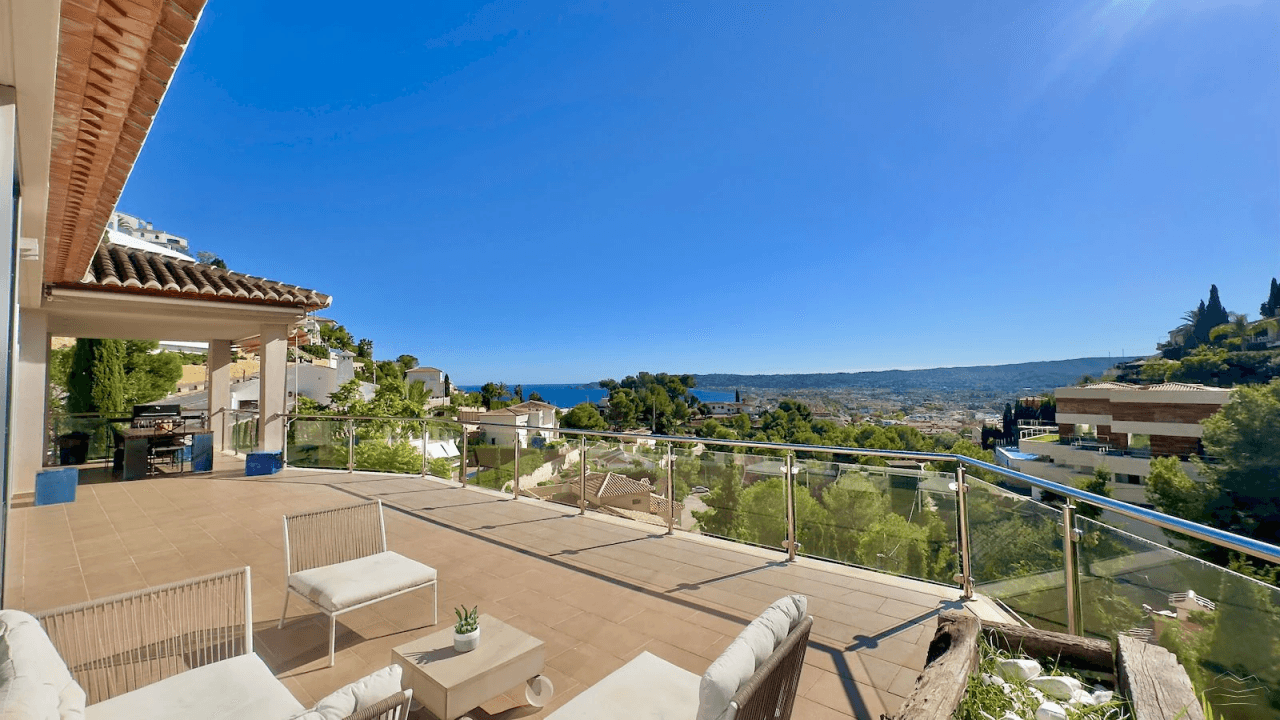 Villa moderne à vendre à La Corona avec vue sur la mer - Javea
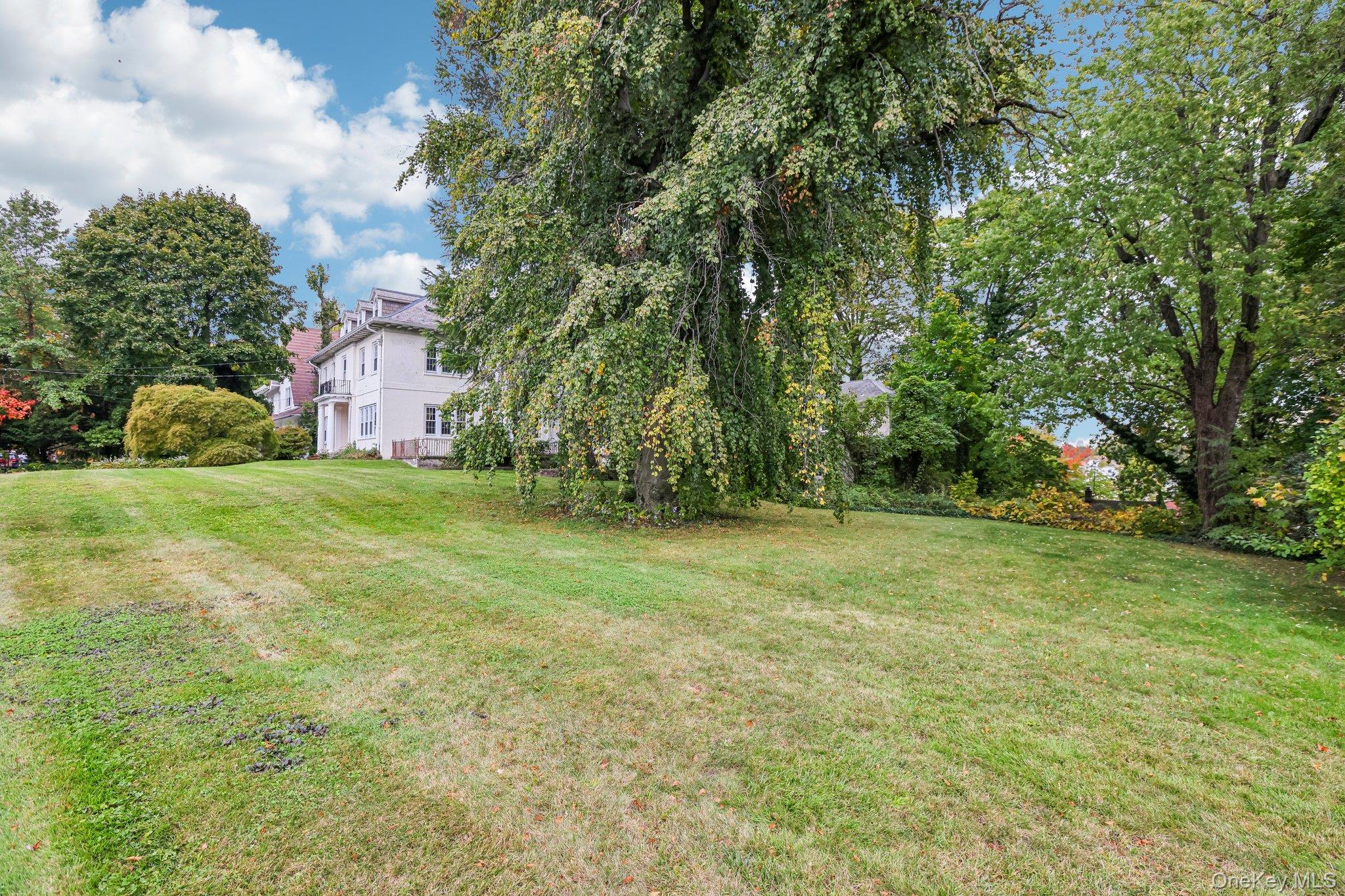 131 Esplanade Property Photo 4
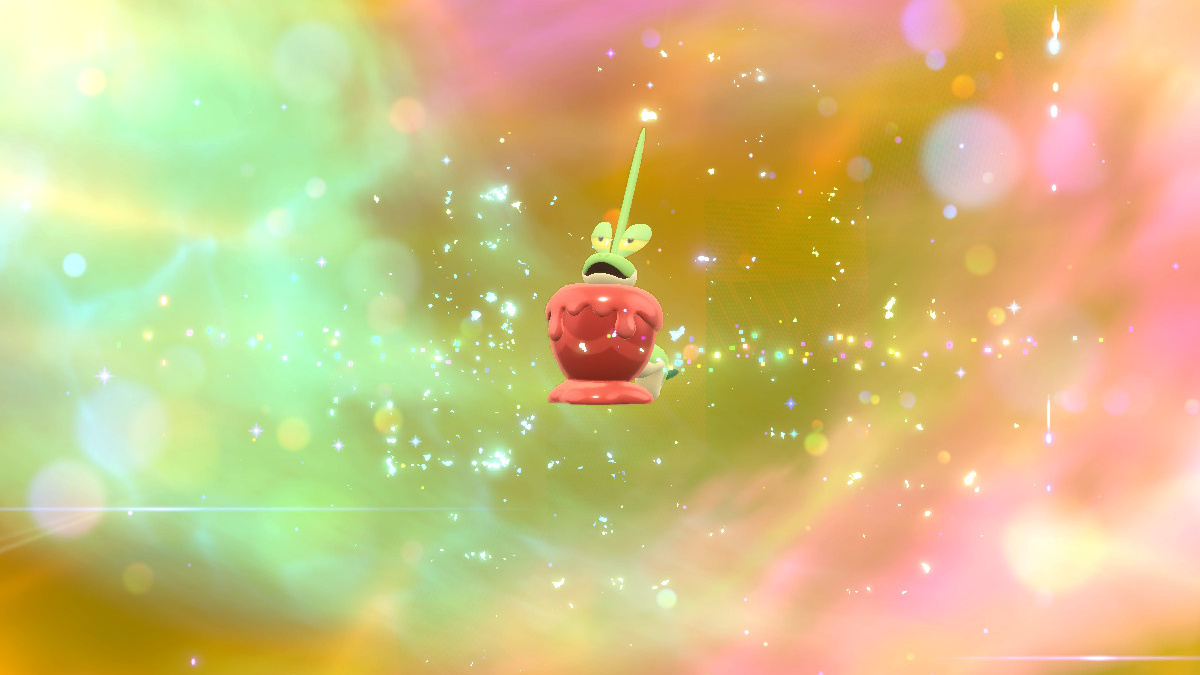 A Pokémon Scarlet & Violet: The Teal Mask screenshot depicting Dipplin’s evolution.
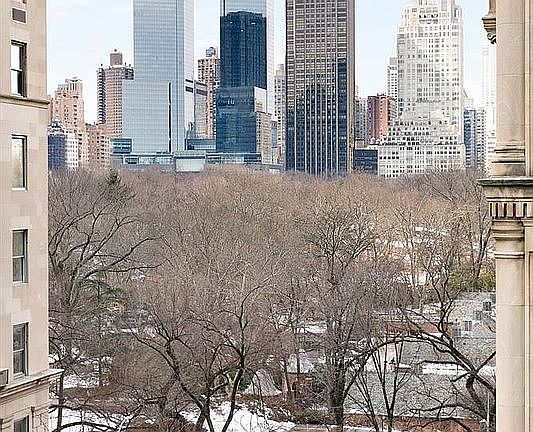 5th image of 3 E 63rd St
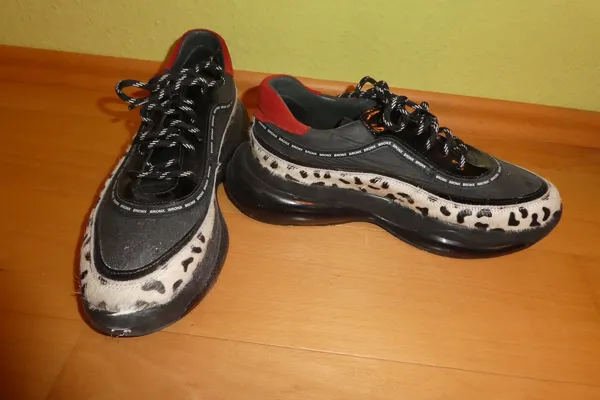 Schuhe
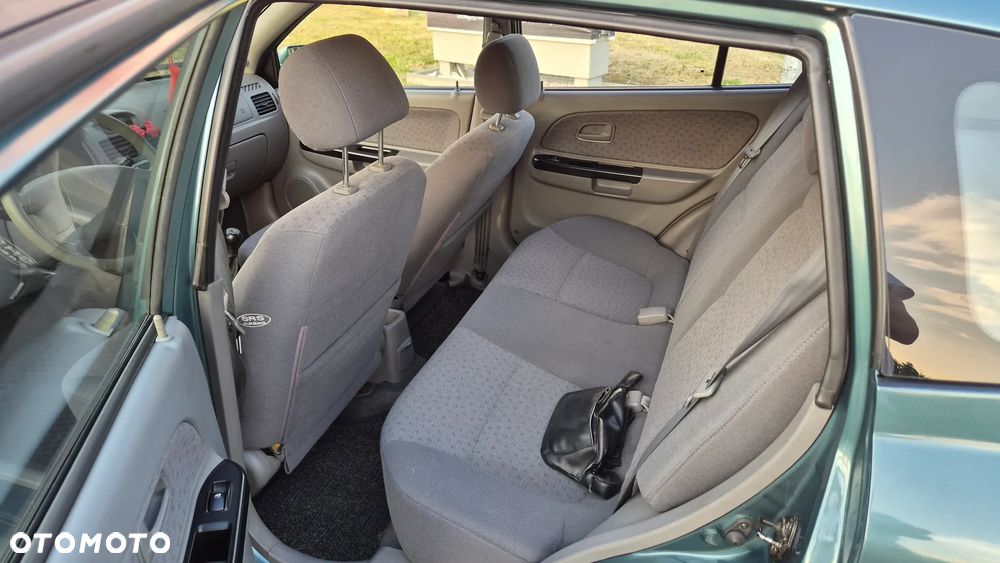 Kia Rio 1.3 RS - 15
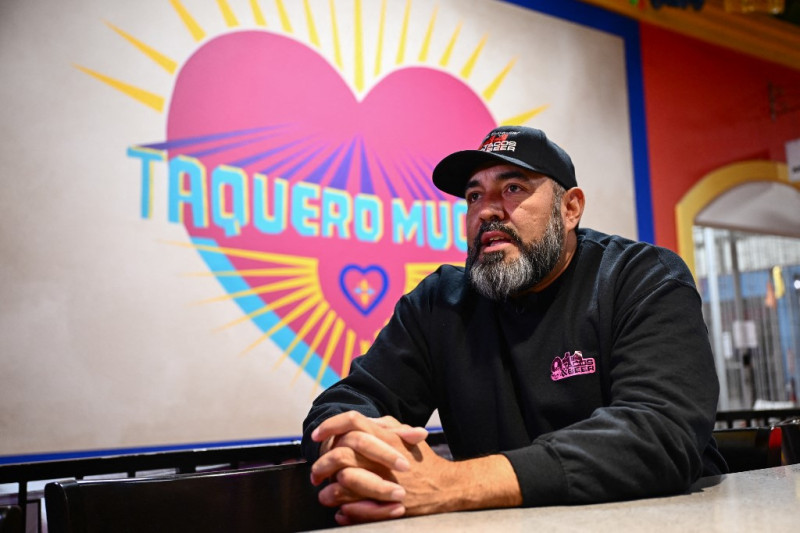 Antonio Muñoz, propietario del restaurante 911 Taco Bar, habla durante una entrevista en Las Vegas, Nevada, el 1 de febrero de 2024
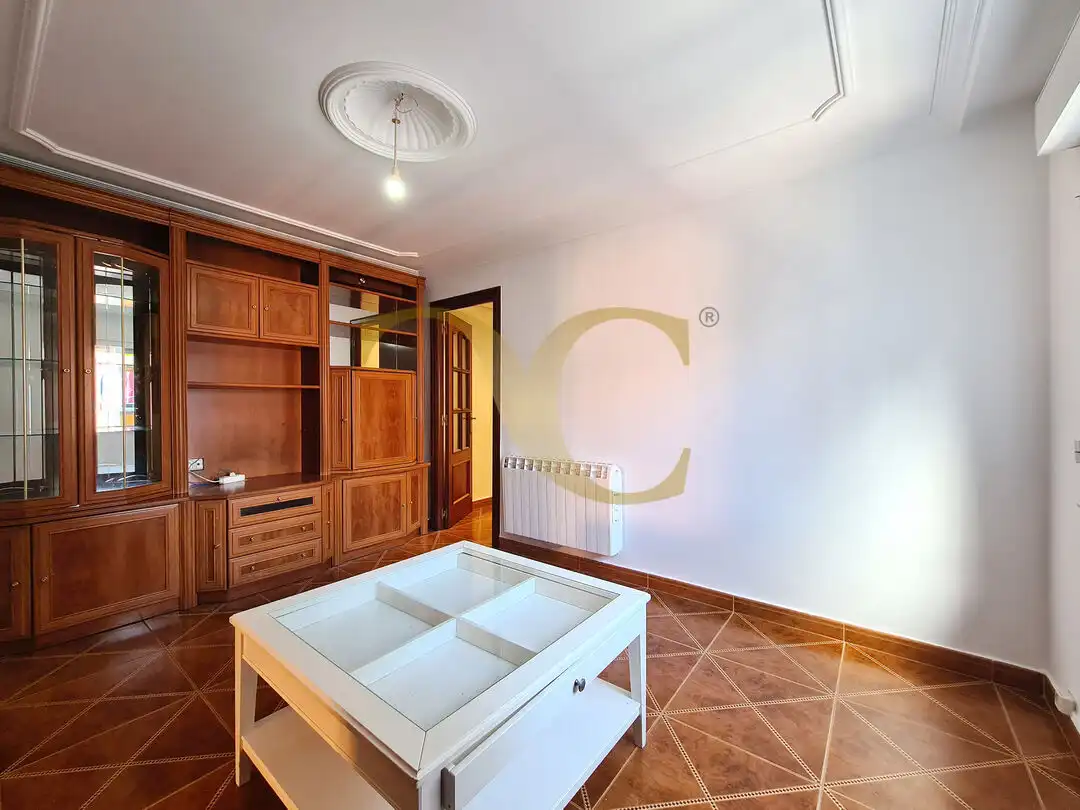 Cocina de Piso en venta en Gijón  con Calefacción, Jardín privado y Terraza
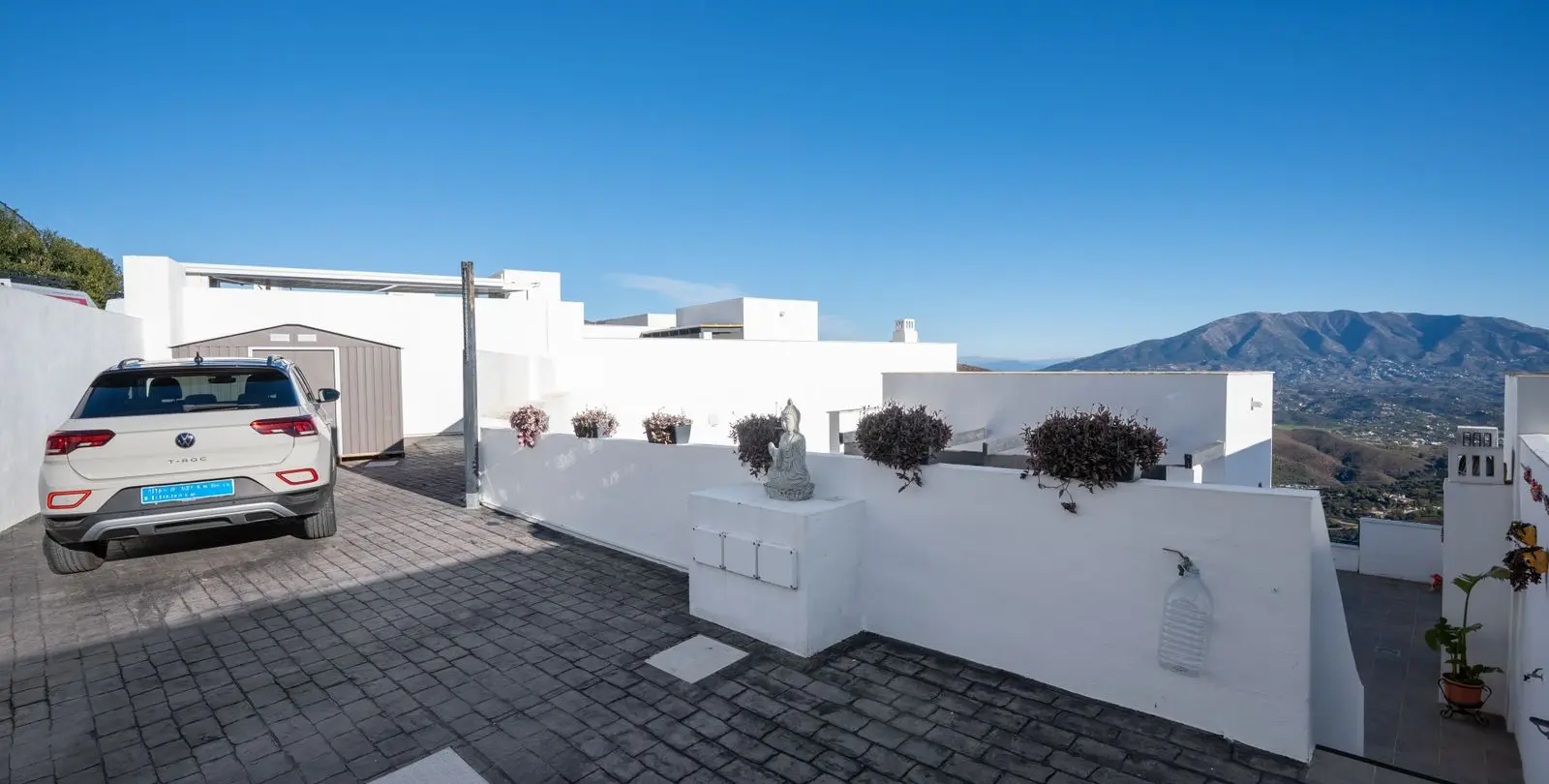 Sale of townhouse in Marbella 25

# What the exercise asks
Your answer must be an exact copy of the lines from the one with "A Pokémon Scarlet" through the final line of the data, both included, without any pictures.

# Solution to the exercise
 A Pokémon Scarlet & Violet: The Teal Mask screenshot depicting Dipplin’s evolution.
 5th image of 3 E 63rd St
 Schuhe
 Kia Rio 1.3 RS - 15
 Antonio Muñoz, propietario del restaurante 911 Taco Bar, habla durante una entrevista en Las Vegas, Nevada, el 1 de febrero de 2024
 Cocina de Piso en venta en Gijón  con Calefacción, Jardín privado y Terraza
 Sale of townhouse in Marbella 25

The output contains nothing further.